As an example, CRM software allows companies to collect, store, manage, and interpret a variety of data about past, current, and potential future customers. CRM software offers an integrated view (in real-time or near real-time) of all organizational interactions with customers. For a manufacturing company, CRM software could be used by a sales team to schedule meetings, tasks, and follow-ups with clients. A marketing team could target clients with campaigns based on specific patterns. Billing teams can track quotes and invoices. As such, it is a centralized repository for storing this information. To enable this functionality, a variety of hardware and software technologies are utilized by the organization and sales teams in order to collect the data which needs to be stored and analyzed using various database and analytics systems.

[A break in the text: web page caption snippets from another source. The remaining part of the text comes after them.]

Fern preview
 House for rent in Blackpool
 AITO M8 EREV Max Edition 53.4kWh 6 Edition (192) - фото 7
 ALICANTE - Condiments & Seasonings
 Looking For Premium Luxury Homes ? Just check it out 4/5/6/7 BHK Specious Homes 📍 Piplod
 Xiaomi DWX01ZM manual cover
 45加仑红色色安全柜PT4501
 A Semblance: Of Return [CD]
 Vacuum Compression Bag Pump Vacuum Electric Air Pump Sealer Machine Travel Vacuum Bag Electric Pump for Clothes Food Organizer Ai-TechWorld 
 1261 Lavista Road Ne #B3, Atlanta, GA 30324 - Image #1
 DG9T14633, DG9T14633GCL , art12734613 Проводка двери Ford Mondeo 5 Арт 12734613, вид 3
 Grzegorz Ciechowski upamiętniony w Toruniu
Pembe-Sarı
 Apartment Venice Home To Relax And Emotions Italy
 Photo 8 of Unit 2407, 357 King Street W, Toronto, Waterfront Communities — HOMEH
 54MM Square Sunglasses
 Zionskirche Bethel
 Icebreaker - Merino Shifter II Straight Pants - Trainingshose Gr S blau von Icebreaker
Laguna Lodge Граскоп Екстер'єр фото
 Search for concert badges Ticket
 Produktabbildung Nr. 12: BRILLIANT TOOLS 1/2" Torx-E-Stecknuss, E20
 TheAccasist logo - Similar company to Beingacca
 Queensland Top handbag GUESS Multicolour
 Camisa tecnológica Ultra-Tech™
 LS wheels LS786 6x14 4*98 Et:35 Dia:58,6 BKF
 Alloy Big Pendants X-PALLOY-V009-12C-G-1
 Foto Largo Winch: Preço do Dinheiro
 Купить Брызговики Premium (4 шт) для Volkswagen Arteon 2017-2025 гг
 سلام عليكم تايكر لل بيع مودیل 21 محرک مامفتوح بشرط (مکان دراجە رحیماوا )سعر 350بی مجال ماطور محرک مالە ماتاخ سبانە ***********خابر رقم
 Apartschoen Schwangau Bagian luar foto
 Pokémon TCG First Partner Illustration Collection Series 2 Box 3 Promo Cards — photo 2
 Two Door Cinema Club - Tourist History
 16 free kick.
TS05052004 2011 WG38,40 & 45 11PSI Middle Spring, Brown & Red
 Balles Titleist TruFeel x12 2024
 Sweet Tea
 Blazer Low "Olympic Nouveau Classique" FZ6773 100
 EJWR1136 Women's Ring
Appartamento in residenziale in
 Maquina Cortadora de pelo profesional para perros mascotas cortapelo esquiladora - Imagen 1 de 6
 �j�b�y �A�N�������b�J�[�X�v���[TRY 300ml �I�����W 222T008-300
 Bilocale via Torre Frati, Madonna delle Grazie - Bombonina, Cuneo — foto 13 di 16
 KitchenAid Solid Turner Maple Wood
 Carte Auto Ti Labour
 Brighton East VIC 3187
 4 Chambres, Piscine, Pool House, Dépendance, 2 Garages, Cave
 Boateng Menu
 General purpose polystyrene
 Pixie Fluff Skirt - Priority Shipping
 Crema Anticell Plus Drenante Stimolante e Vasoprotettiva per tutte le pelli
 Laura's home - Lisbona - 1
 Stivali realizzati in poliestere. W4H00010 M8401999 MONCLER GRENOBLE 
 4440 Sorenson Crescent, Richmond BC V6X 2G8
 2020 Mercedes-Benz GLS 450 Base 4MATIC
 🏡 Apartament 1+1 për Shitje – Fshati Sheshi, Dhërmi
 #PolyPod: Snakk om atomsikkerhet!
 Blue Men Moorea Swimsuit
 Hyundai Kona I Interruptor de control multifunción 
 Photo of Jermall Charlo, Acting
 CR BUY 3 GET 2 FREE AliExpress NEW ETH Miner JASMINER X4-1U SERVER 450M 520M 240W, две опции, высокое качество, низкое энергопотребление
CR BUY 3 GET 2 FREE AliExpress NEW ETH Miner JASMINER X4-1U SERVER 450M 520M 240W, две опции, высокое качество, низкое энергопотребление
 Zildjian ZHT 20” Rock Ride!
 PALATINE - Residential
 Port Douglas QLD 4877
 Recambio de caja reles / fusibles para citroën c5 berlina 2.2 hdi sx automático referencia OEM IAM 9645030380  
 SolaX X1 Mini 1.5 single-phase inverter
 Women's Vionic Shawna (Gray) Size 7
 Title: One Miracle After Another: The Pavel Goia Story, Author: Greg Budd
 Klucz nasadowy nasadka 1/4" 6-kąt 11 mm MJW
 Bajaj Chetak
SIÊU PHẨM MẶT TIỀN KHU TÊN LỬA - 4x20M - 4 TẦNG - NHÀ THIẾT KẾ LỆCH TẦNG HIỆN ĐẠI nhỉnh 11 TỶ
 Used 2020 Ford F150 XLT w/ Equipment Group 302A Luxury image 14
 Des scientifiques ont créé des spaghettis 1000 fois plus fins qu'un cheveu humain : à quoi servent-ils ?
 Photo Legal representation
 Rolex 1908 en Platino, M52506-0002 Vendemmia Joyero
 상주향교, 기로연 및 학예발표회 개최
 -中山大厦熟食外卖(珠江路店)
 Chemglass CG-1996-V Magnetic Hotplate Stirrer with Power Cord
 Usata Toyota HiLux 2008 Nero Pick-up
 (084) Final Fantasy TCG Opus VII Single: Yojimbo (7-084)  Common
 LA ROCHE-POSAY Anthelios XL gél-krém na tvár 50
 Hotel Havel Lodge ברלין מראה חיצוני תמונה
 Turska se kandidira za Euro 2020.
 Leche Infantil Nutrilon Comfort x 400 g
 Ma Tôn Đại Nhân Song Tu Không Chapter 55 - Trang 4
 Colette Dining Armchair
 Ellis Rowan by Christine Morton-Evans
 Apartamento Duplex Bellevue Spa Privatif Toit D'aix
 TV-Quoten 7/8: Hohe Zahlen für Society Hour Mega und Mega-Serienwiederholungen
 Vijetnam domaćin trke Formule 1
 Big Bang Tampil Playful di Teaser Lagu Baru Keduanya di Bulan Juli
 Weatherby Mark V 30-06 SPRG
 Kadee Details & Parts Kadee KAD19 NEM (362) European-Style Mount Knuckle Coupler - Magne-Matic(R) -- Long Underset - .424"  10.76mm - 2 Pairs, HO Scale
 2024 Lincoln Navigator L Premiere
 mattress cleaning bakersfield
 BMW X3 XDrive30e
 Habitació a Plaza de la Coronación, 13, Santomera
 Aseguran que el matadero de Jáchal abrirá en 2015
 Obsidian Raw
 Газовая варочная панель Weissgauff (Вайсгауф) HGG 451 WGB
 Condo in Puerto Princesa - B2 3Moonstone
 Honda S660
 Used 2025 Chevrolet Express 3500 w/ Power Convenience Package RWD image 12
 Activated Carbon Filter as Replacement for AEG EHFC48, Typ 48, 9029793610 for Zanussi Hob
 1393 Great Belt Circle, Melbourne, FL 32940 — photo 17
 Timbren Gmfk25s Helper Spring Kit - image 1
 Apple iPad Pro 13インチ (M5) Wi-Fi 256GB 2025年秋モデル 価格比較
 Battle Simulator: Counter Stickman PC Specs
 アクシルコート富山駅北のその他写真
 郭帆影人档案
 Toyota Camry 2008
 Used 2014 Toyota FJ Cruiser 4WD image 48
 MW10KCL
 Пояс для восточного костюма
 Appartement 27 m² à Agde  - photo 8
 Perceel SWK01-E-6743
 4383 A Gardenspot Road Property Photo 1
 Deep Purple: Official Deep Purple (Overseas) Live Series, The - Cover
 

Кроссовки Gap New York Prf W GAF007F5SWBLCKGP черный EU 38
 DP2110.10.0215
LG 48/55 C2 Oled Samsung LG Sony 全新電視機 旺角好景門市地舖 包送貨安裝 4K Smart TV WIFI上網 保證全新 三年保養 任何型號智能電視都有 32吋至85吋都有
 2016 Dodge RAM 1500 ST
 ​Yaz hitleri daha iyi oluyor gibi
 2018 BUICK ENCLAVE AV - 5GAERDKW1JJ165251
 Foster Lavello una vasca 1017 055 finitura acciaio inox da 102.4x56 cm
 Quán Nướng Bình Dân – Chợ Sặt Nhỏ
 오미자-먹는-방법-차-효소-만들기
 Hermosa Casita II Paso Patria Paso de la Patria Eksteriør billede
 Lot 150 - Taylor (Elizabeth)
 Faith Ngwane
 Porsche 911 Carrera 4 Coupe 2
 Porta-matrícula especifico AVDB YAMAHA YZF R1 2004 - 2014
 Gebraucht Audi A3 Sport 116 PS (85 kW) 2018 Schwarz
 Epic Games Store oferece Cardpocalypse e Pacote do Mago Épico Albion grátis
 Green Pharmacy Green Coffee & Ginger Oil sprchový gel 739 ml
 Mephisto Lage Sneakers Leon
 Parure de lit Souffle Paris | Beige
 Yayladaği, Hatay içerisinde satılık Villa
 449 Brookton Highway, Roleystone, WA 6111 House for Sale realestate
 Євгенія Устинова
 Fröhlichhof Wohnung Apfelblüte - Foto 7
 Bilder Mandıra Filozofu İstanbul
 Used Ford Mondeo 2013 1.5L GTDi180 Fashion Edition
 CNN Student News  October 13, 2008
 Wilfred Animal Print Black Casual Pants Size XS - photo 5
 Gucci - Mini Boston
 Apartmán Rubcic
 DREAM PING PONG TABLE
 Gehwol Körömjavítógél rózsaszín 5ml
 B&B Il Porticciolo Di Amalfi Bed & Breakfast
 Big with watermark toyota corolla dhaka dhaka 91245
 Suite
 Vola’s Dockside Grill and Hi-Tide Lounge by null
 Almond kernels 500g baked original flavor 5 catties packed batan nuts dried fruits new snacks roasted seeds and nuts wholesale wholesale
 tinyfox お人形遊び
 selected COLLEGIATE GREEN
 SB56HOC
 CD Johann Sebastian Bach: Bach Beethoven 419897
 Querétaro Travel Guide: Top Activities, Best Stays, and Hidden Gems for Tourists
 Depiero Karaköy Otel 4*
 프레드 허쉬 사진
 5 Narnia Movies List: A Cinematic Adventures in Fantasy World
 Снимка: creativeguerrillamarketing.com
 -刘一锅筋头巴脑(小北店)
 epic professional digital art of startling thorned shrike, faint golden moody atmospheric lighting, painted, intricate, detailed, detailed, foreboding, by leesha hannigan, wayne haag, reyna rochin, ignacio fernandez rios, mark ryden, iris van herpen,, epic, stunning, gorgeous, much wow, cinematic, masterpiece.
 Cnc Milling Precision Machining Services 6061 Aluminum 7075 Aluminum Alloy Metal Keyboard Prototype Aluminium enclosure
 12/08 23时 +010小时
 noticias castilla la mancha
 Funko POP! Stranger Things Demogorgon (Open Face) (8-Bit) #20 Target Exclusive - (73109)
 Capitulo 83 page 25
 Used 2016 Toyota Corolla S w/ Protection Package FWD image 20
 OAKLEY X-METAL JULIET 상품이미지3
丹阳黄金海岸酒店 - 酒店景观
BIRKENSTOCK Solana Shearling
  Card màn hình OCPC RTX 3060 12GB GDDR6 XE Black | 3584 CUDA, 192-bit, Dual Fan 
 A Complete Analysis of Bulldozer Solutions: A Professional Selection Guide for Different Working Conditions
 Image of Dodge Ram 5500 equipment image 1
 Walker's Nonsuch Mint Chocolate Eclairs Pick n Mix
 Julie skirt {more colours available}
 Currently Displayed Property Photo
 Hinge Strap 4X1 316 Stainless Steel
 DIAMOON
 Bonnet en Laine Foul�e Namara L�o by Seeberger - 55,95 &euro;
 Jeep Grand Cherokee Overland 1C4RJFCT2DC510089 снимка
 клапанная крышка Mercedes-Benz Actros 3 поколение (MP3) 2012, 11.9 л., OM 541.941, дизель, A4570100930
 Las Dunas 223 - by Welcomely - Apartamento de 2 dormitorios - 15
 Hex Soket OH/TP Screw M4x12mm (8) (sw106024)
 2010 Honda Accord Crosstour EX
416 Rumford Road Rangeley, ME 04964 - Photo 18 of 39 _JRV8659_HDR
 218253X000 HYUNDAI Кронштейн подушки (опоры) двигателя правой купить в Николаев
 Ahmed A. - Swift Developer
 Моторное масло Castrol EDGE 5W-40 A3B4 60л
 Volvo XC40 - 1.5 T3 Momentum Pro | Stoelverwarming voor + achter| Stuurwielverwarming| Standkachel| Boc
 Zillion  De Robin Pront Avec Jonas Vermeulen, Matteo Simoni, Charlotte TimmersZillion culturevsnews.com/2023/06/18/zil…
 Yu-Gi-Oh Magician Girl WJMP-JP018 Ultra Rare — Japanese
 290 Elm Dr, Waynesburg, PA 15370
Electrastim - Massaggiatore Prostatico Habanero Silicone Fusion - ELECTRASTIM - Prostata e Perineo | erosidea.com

Scientific computing: Scientific computing uses mathematical models and analysis techniques implemented on computers to attempt to solve scientific problems. A popular example is computer simulation of physical phenomena -- for example, using climate models to predict the weather. This field has disrupted the traditional theoretical and laboratory experimental methods by enabling scientists and engineers to reconstruct known events or to predict future situations by developing programs to simulate and study different systems under different circumstances. Such simulations typically require a very large number of calculations which are often run on expensive supercomputers or distributed computing platforms.
Personal computing: In personal computing, a user runs various applications on a general-purpose personal computer (PC). Examples of such applications include word processors and other office-productivity software, communication apps such as email clients, and entertainment software such as video games and media players. A PC user typically owns, installs, and maintains the software and hardware utilized to carry out such tasks.
Addressing Scale
One of the longstanding challenges in IT is scaling compute resources to meet demand -- for example, to increase a web site's capacity to meet the needs of a growing customer base or to handle "burst" loads during peak business hours or special events that draw massive audiences.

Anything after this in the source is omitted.